An inner product is defined on $P_3$ such that $<f, g>$ $=$ $\int _{-1}^1\:f\left(t\right)g\left(t\right)dt$.
What is the orthogonal projection of $p(x)$ $=$ $x^3$ onto the subspace $S$ $=$ $\left\{f\:∈\:P_3\left|f\left(-1\right)=0\right|\:\right\}$?
For this subspace, I got the basis $\left\{x^3+1,\:x^2+x,\:x^3+x^2\right\}$.
So I got that $f_1\left(x\right)= x^3+1,\:f_2\left(x\right)\:=\:x^2+x,\:f_3\left(x\right)\:=\:x^3+x^2$.
I also got that $g_1\left(x\right)=f_1\left(x\right)=x^3+1$, $g_2\left(x\right)=f_2-\frac{<f_2,\:g_1>}{<g_1,\:g_1>}g_1$ and $g_3\left(x\right)=f_3-\frac{<f_3,\:g_1>}{<g_1,\:g_1>}g_1-\frac{<f_3,\:g_2>}{<g_2,\:g_2>}g_2$.
From this, I got that $g_2\left(x\right)=-\frac{7x^3}{15}+x^2+x-\frac{7}{15}$ and $g_3\left(x\right)=\frac{7}{8}x^3+\frac{3}{8}x^2-\frac{5}{8}x-\frac{1}{8}$.

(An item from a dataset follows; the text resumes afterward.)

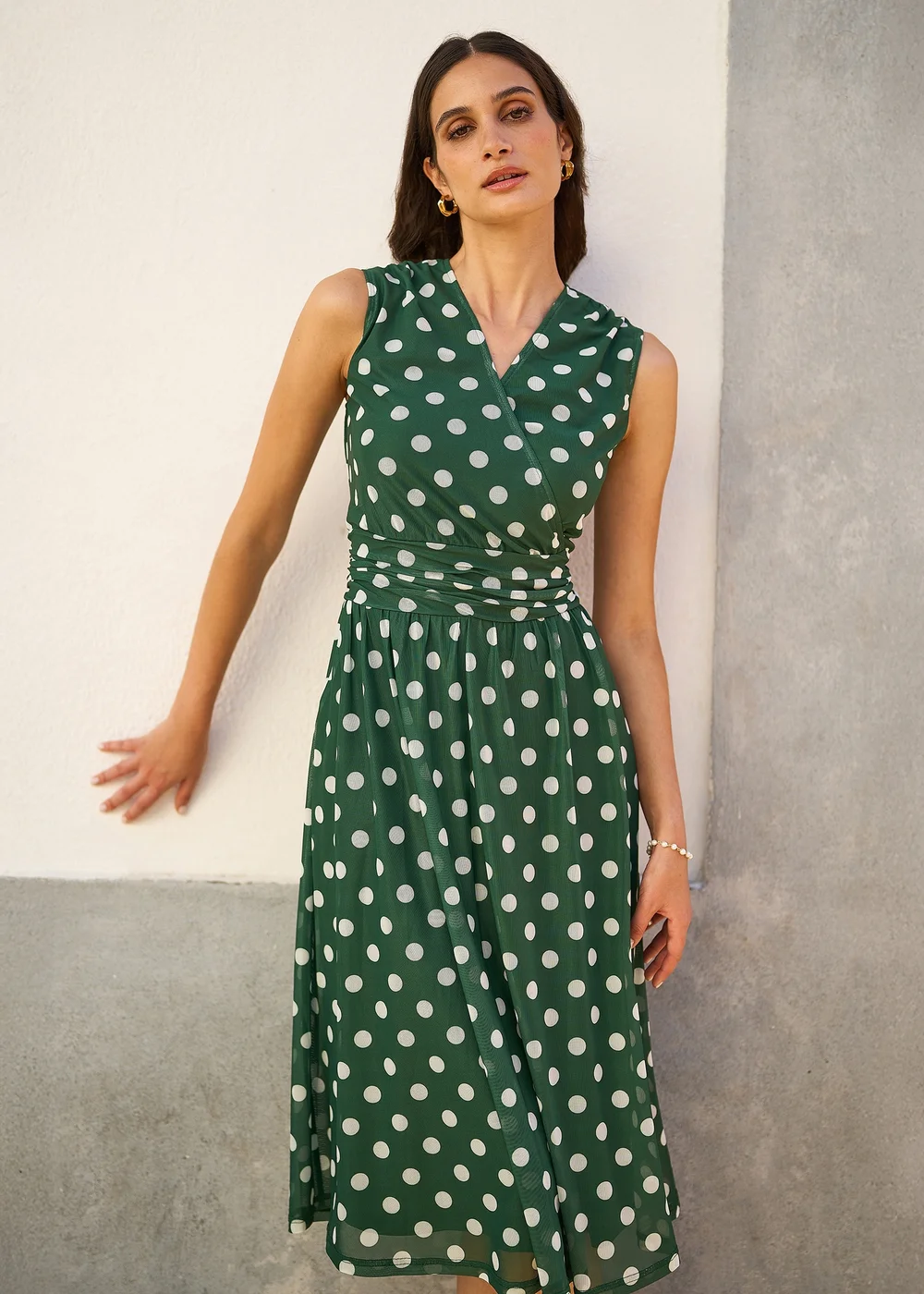 Yumi Green Mesh Wrap Dress With Pockets - 16 Image 2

Then I tried to calculate $\left\{\frac{g_1}{\left|g_1\right|},\:\frac{g_2}{\left|g_2\right|},\:\frac{g_3}{\left|g_3\right|}\right\}$. For this, I got $\left\{\frac{\sqrt{7}}{4}\left(x^3+1\right),\:\frac{15\sqrt{2}}{16}\left(-\frac{7x^3}{15}+x^2+x-\frac{7}{15}\right),\:\sqrt{15}\left(\frac{7}{8}x^3+\frac{3}{8}x^2-\frac{5}{8}x-\frac{1}{8}\right)\right\}$.
The formula for the orthogonal projection I then got was $<f,\:\frac{\sqrt{7}}{4}g_1>\frac{\sqrt{7}}{4}g_1+<f,\:\frac{15\sqrt{2}}{16}g_2>\frac{15\sqrt{2}}{16}g_2+<f,\:\sqrt{15}g_3>\sqrt{15}g_3$.
This gave me a final answer of $g\left(x\right)=-\frac{3}{32}x^3+\frac{15}{32}x^2+\frac{15}{32}x-\frac{3}{32}$.
But this entire process was very long so I feel that my general approach may not be the right one.
If someone can tell me if what I have done is correct or not, I would greatly appreciate it!